With effect from the academic year 2015-2016

BIT 251

PROBABILITY AND RANDOM PROCESSES

Course Objectives:

1. 1.To induce the ability to describe a random experiment in terms of procedure, observation, and a Probability model.

1. 2.To inculcate ability to characterize functions of random variables

1. 3.To familiarize the students with the methods to characterize stochastic processes with an emphasis on stationary random processes.

UNIT – I

The meaning of Probability – Introduction- the definitions – Probability and Induction – Causality versus Randomness.

The Axioms of Probability: Set theory – Probability Space – Conditional Probability.
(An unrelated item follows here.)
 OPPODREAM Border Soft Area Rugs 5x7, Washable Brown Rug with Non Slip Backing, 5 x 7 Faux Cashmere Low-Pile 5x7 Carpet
Repeated Trials: Combined Experiments – Bernoulli Trials – Bernoulli’s theorem and games of chance.

UNIT – II

The Concept of a Random Variable: Introduction – Distribution and Density functions-Specific Random Variables – Conditional Distributions – Asymptotic Approximations for Binomial Random variables.

Functions of One Random Variables: The Random Variable g(x) – The Distribution of g(x) – Mean and Variance – Moments – Characteristic Functions.

UNIT – III

Two Random Variables: Bivariate Distributions – One Function of Two Random Variables – Two Function of Two Random Variables – Joint Moments – Joint Characteristic Functions – Conditional Distributions – Conditional Excepted Values.

UNIT – IV

Random Processes – Definitions – Basic concepts and examples – Stationarity and ergodicity – Second order processes – Weakly stationary processes – Covariance functions and their properties – Spectral representation Weiner – Kintchine theorem.

UNIT –V

Linear Operations: Gaussian processes – Poisson Processes – Low pass and Band pass noise representations.